### Instructions to follow
Copy the data that follows, character for character, minus the pictures.

━━━━━━━━━━━━━━━━━━━━

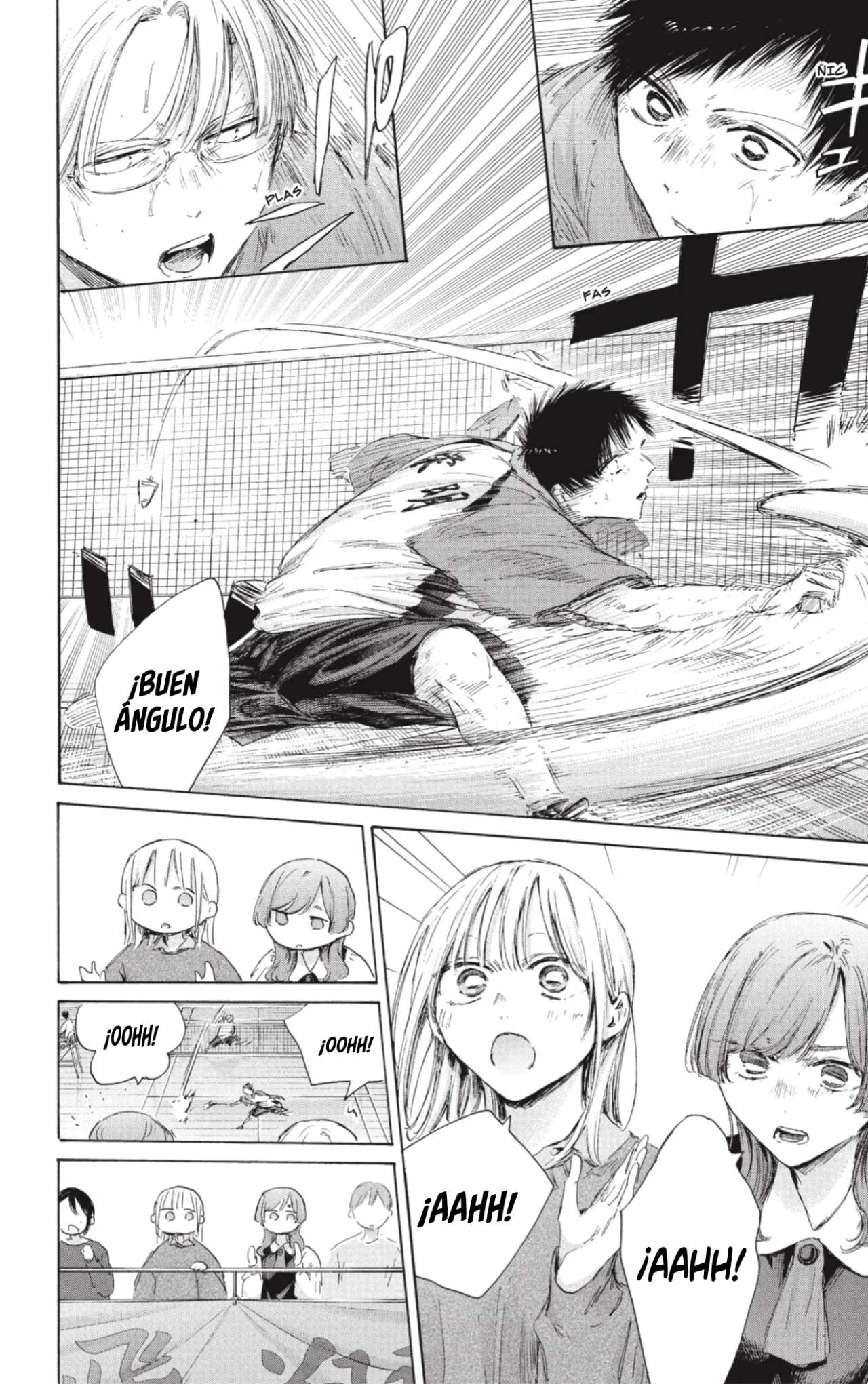 Read Blue Box (es) Manga Online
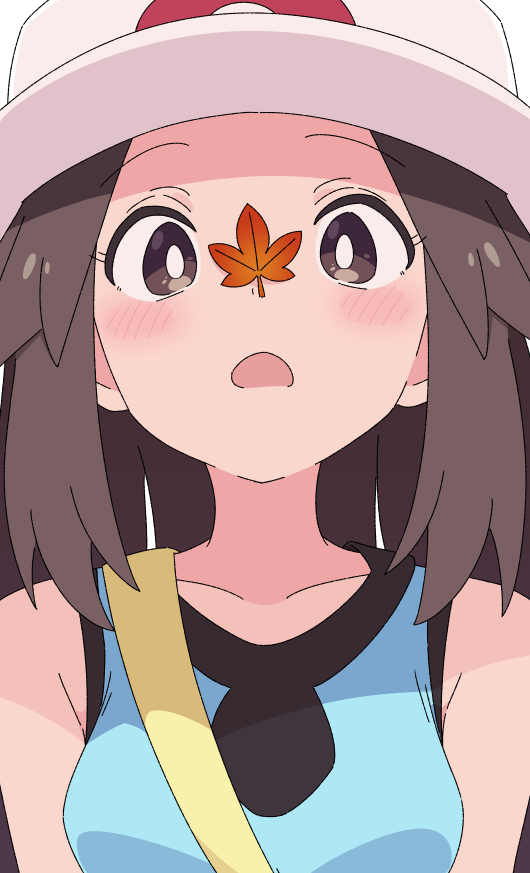 leaf (pokemon and 1 more) drawn by cutefires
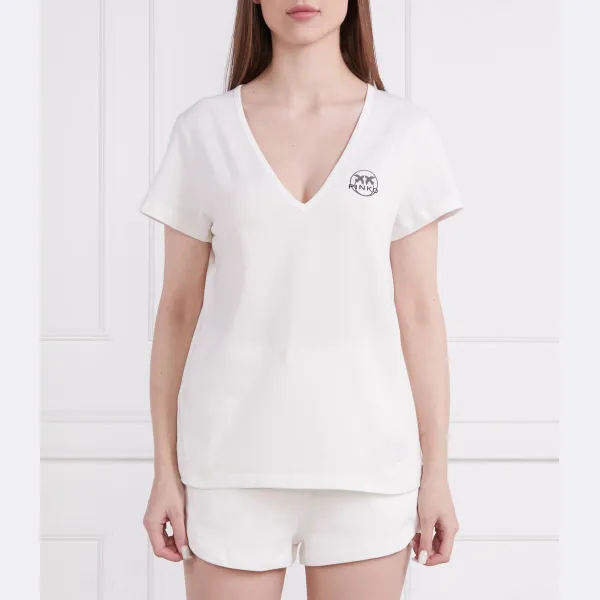 Проблемная футболка обычного кроя Pinko, белый
Проблемная футболка обычного кроя Pinko, белый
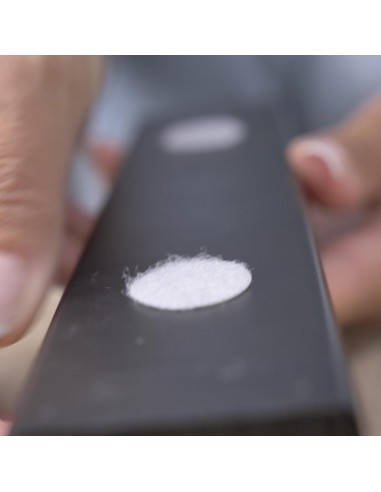 Genius Ideas Boutons velcro auto-adhésifs blancs 62 pièces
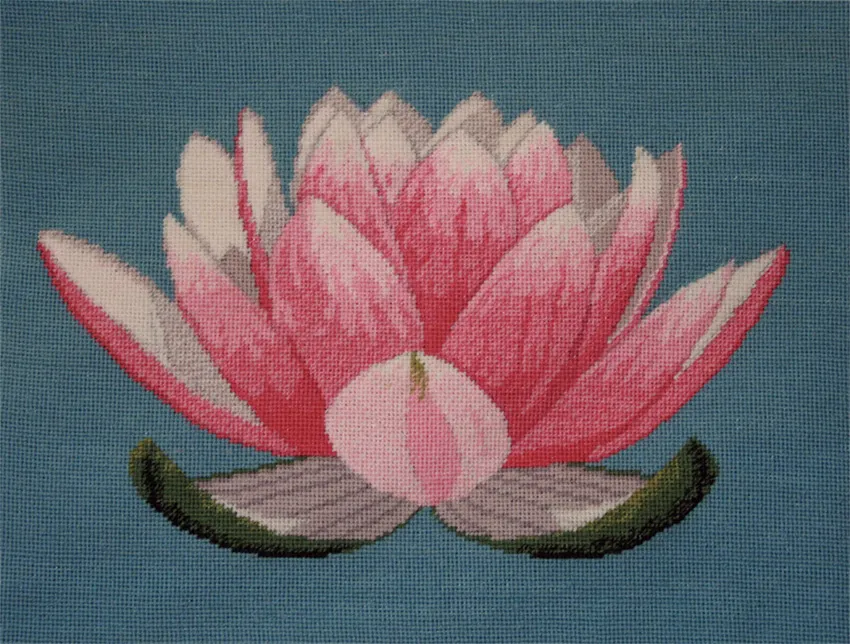 Appleton The Lotus Flower kit arazzo floreale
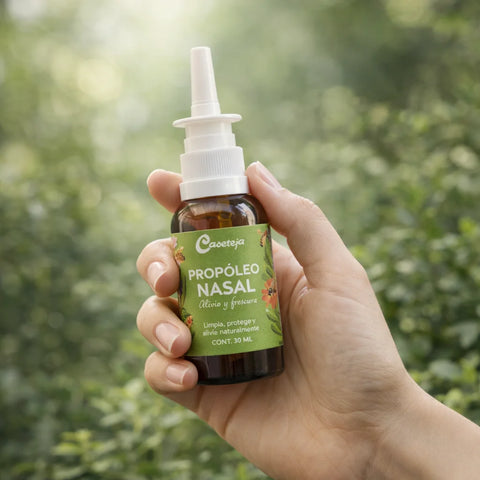 Spray de Propóleo Nasal | Limpieza y Bienestar Respiratorio
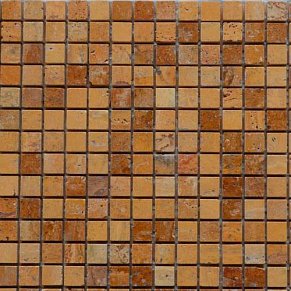 Art Natura Marble Mosaic Travertino Giallo Мозаика 30,5х30,5 см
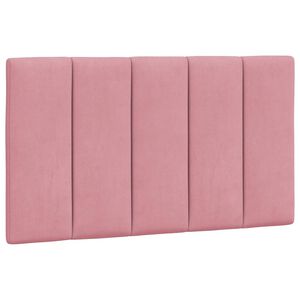 vidaXL voodipeatsi padi Hanko, roosa, 80 cm, samet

━━━━━━━━━━━━━━━━━━━━

### Reply to the task
 Read Blue Box (es) Manga Online
 leaf (pokemon and 1 more) drawn by cutefires
 Проблемная футболка обычного кроя Pinko, белый
Проблемная футболка обычного кроя Pinko, белый
 Genius Ideas Boutons velcro auto-adhésifs blancs 62 pièces
 Appleton The Lotus Flower kit arazzo floreale
 Spray de Propóleo Nasal | Limpieza y Bienestar Respiratorio
 Art Natura Marble Mosaic Travertino Giallo Мозаика 30,5х30,5 см
 vidaXL voodipeatsi padi Hanko, roosa, 80 cm, samet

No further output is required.